New Zealand has a waste and recycling crisis. There are stockpiles of plastics around the country, recycling markets have disappeared and heaps of stuff is still going to landfill due to poor collection processes and contamination. Despite 12 years of the Waste Minimisation Act, the piles of waste just keep growing.
New Zealand urgently needs more onshore reprocessing, community solutions and waste minimisation education.
Raising the waste levy will help to fund local solutions. The waste levy hasn’t changed from $10 per tonne since the Waste Minimisation Act was passed in 2008. Research shows $10 per tonne is not enough to build the infrastructure we need or change wasteful behavior.
We can’t keep going with the ‘take-make-waste’ way of doing things because our environment and climate are at breaking point. Raising the waste levy will help fund the shift to a circular economy, creating lasting jobs and building community resilience against the kinds of shocks we are seeing more and more often.

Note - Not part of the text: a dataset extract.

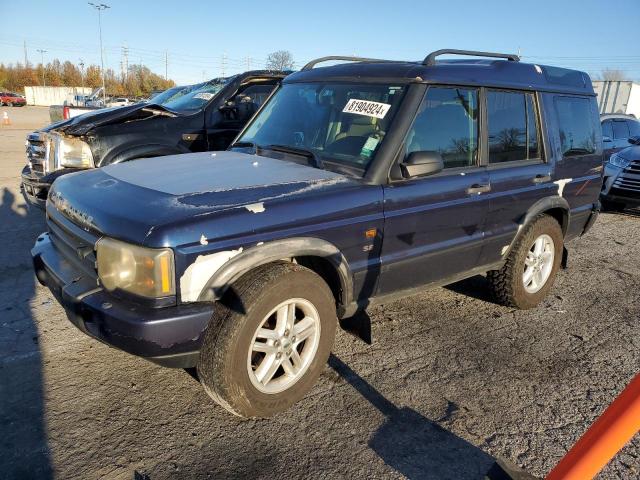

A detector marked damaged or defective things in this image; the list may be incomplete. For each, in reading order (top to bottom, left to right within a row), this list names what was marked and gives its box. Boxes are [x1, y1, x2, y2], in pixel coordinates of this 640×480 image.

peeling paint on fender [552, 178, 572, 197]
dented front bumper [30, 232, 212, 368]
peeling paint on fender [181, 248, 244, 300]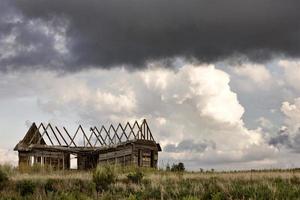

An increase in the waste levy would:
NZ research (1) shows that we can create up to 10,000 jobs with a phased-in increase to the waste levy. These jobs are created when we collect all of the materials we can reuse and keep materials onshore for processing.
Support council waste minimisation programmes
Half of all of the money collected from the waste levy goes to local authorities for waste minimisation. (2) A higher waste levy = more money to local authorities = more funding to waste minimisation in each region
Develop real recycling infrastructure
The Ministry for the Environment has identified a $1.5 billion gap in our current waste infrastructure. The waste levy will help fill the gap by investing in onshore reprocessing facilities and resource recovery.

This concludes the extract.